I’m always overthinking things. So like doing category management at whole foods and S you know, the type of skew rationalization and data analysis on top of, you know, negotiating. I love negotiating with folks like negotiating with suppliers. Like,

[01:08:31] Mason: I think Jessica gets a little joy out of it. Yeah.

[01:08:34] Errol Schweizer: I would negotiate with distributors.

UFI was our largest distributor, and I spent plenty of time with United natural foods. And I negotiated three key contracts in my career. Like just another distributor. Like I figured that’d be a lawyers at this point. We always have a lawyer in the background, but I am good enough now at the contract language and a lot of those contracts to.

The business requirements too. And you know, you always have to have the business lead in the room to understand that. Um, and then, you know, I like to write and, um, my podcast is not nearly well done like yours. I’m very much a grocery podcaster is just. Packing it on the shelf and getting it out to, uh, getting out for consumption.

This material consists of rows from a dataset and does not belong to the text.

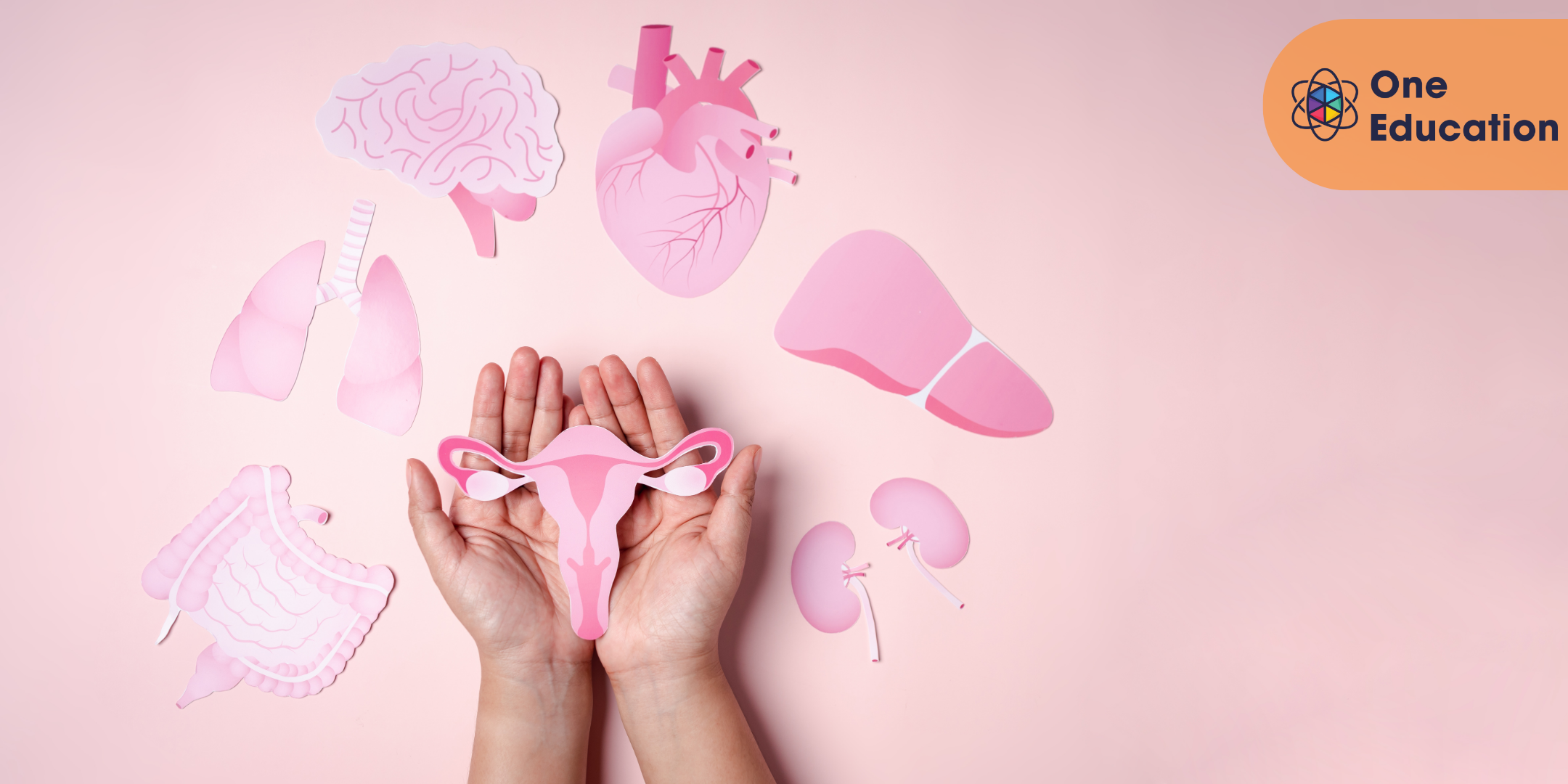 Women's Health Practitioner Course
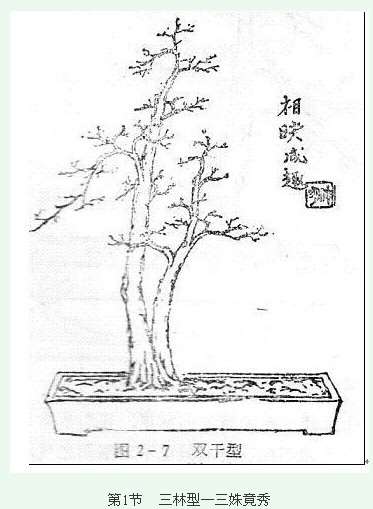 图解 盆景制作系列之造型设计的方法
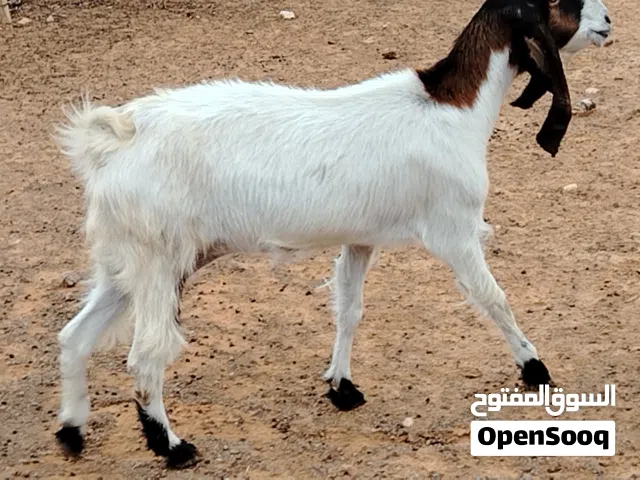 عنز هجين ربي يبارك عشرا عشرا بالجهاز في الشهرين تقريبا المكان صبراتة يوجد توصيل حسب المكان سنها جامع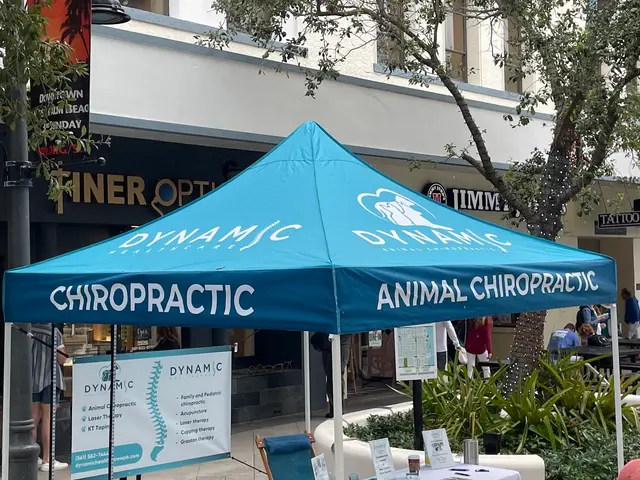 Dynamic Healthcare — photo from the business 9
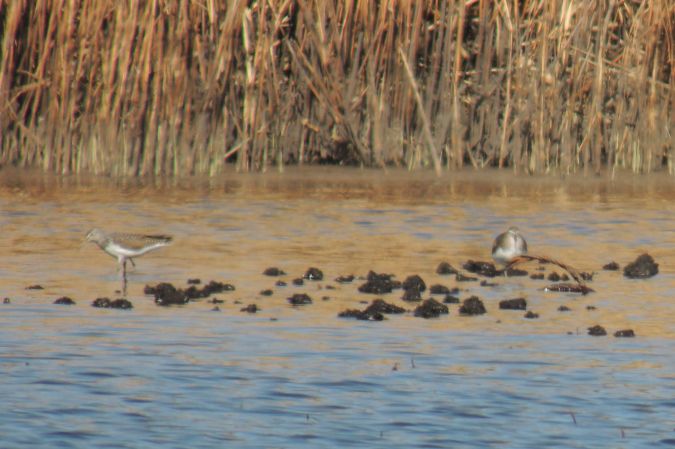 samotnik  - Marcin Sołowiej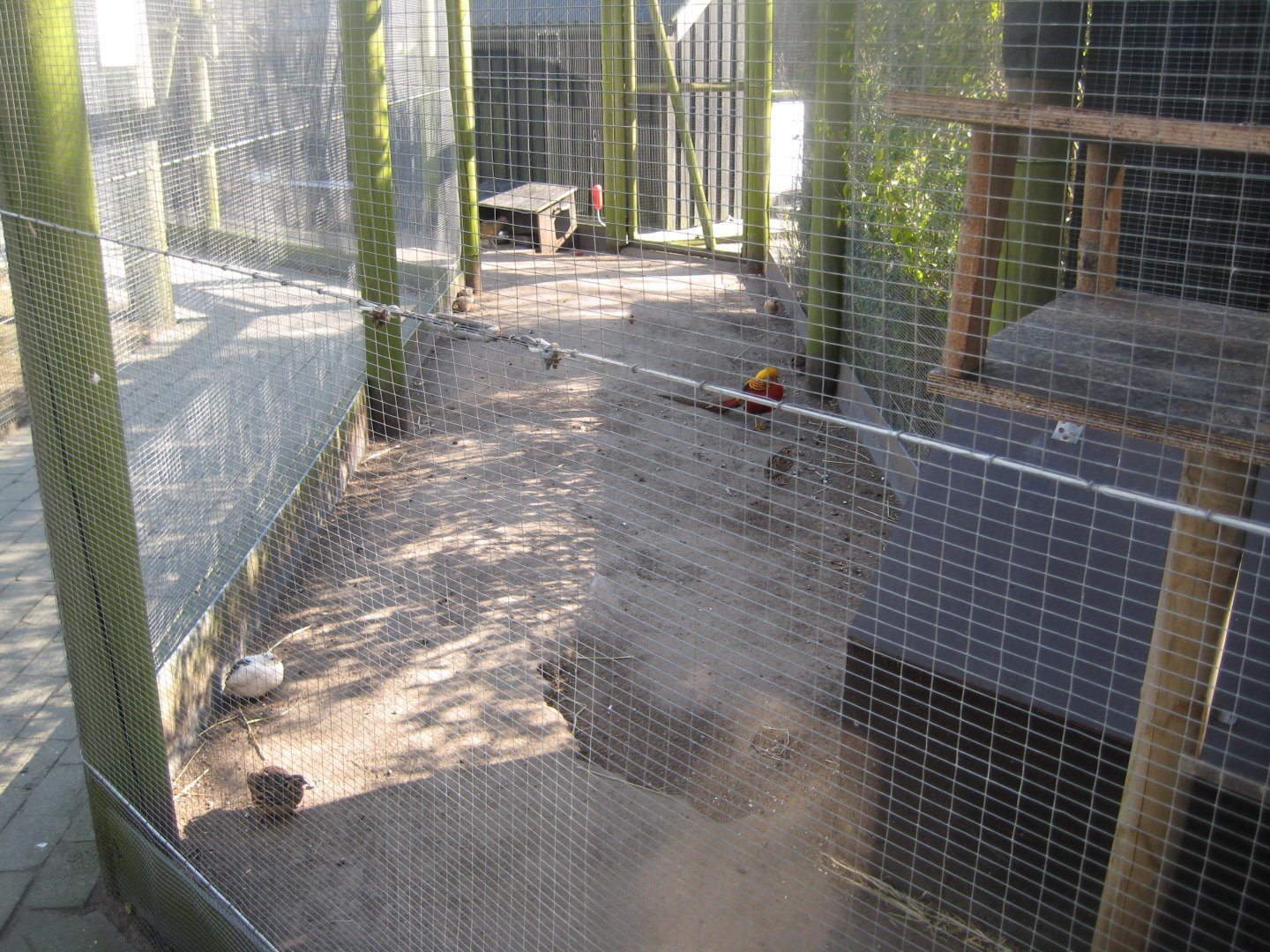 Dyreparken NBV - Pheasant aviary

But, um, I, you know, I like doing that and it helps me like formulate my thoughts and just sort of stay fresh and stay on top of things. Because for me, like it’s not work life. It’s all my life. This is, you know, um, I’m always doing this or thinking about it or reading about it, you know? And then, you know, when I go on vacation is don’t laugh, but we take the kids to grocery stores.

You know, you too,

[01:09:35] Mason: even though we’re not in, you know, we’re in CPG and technically not anymore, but we still go to grocery stores everywhere we go. And almost like, like I’m

[01:09:43] Errol Schweizer: upset. Yeah. I, we, we took the kids through Europe a few years back from my life and I was 20th anniversary. And what did we do? Museums and groceries.

And they’re the same for me. Like, you know, and I learned stuff, you know, for my career, but I’m also fascinated by how people eat and shop and you know, how products, I mean, you know, like, uh, as an example, we were in a dental. And, you know, Denmark has all these climate commitments and, you know, the amount of organic that they have.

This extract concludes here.